For this experiment, we examine the impact of training model on one dataset and testing it on another one. The Hust19 dataset is first used only for training and for testing the model, Brazilian dataset is used. We also evaluated another scenario such as using Brazilian dataset for training the model and Hust19 is used as a test set. The result of this scenario showed a decline in the model performance as can be seen in Fig. 10, and one of the possible reasons behind this behaviour can be variation in images. The model could find out the patterns of one image indicating COVID-19 existence, but these may not seem in another dataset. Training on Hust19 and testing Brazilian dataset showed worse results since Hust19 training set is not like Brazilian dataset. Since vision transformer model poorly generalize on small dataset that could be a reason in worse performance when cross corpus data-set validation is performed.

Figure 10
figure 10

(a) Cross dataset Results (Train Brazilian & Test Hust19) (b) Cross dataset Results (Train Hust19 & Test Brazilian) (c) Cross dataset Results (Train Hust19 & Test COVIDx CT).
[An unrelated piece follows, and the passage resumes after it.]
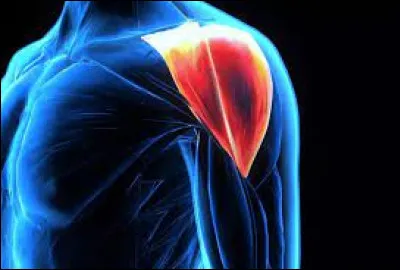 Sciences : Comment s'appelle ce muscle ?
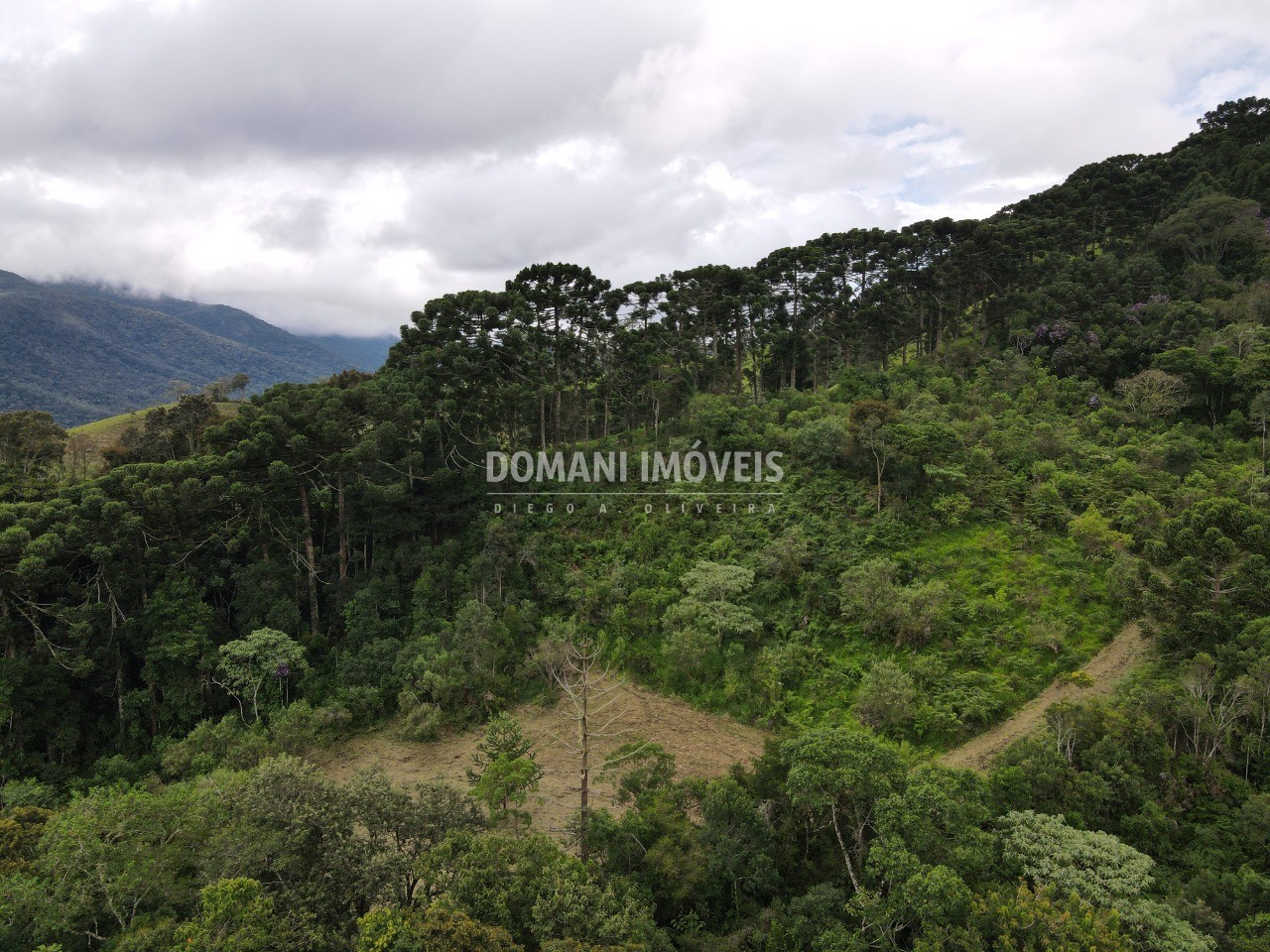 Terreno à venda - Foto 4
As we can see in Fig. 10c, precision and recall value of performing cross corpus between Hust19 and Brazilian dataset decreases rapidly although it was quite good in case of COVIDx CT dataset. Because Hust19 and COVIDx CT datasets are quite similar whereas Brazilian dataset was totally different from both datasets. Variation in images is high as compared to other datasets and number of images belonging to each variation are quite low. In case of training the model using Hust19 dataset and testing s performed using COVIDx dataset, proposed approach achieved accuracy of 94% which is higher than the existing studies29,30,31 having accuracy of 83.6% on Hust19 and 90% on their own dataset.

Discussion

Most of the classifiers performs well on binary dataset in comparison with multi-class dataset. However, classifiers accuracy on binary class dataset tends to be low as compared to multi-class data-set in proposed approach as depicted in Table 1. Binary dataset is heterogeneous and number of samples of CT scan images belonging to each variation are low. Whereas in multi-class dataset, image variation is quite low as compared to binary dataset and it comprises of a lot of images related to each variation. Thus, model performs better on multi-class dataset contrasted to binary class dataset. To evaluate the performance of proposed approach, tenfold cross validation is performed on binary and multiclass dataset as shown in Fig. 11a,b. Area under curve achieved in each fold (10 Fold Cross Validation) is represented in Fig. 11a,b.

Figure 11
figure 11

(a) 10 Fold Cross Validation results on Hust-19 Dataset (b) 10 Fold Cross Validation results on Brazilian Dataset.

Conclusion

We have proposed a self-attention Transformer based diagnosis approach for the diagnosis of COVID-19 using 3D CT Slices. Results of the proposed approach are comparable to the state-of-the-art methods and has attained the highest accuracy on binary and multi-class datasets. Results validate the proposition that the proposed model aachieves good performance in the COVID-19 diagnosis on Brazilian dataset while outperforms the other techniques in case of the Hust19 dataset. In addition, we found that by applying ensemble, proposed and CNN based algorithms on HUST19 dataset achieved a much higher accuracy than Brazilian dataset. To the best of our knowledge, this is the first work to carry out such analysis based on transformer vision for the COVID diagnoses and we believe that this is a major contribution of our work. Cross corpus dataset validation is performed to evaluate the model performance using different datasets for testing and training and thus achieving higher performance. This is also unique contribution, as only existing study performing cross corpus validation dropped its accuracy by 25%37. The self-attention transformer-based approach is of paramount significance for the methods intent to diagnose the COVID-19 in CT scan images. Moreover, proposed transformer vision approach can predict the quantification of COVID-19 based on the pixel values in the long-range relation-based maps. This can provide the assistance to clinicians in decision making with respect to the assessment of the severity of the COVID-19.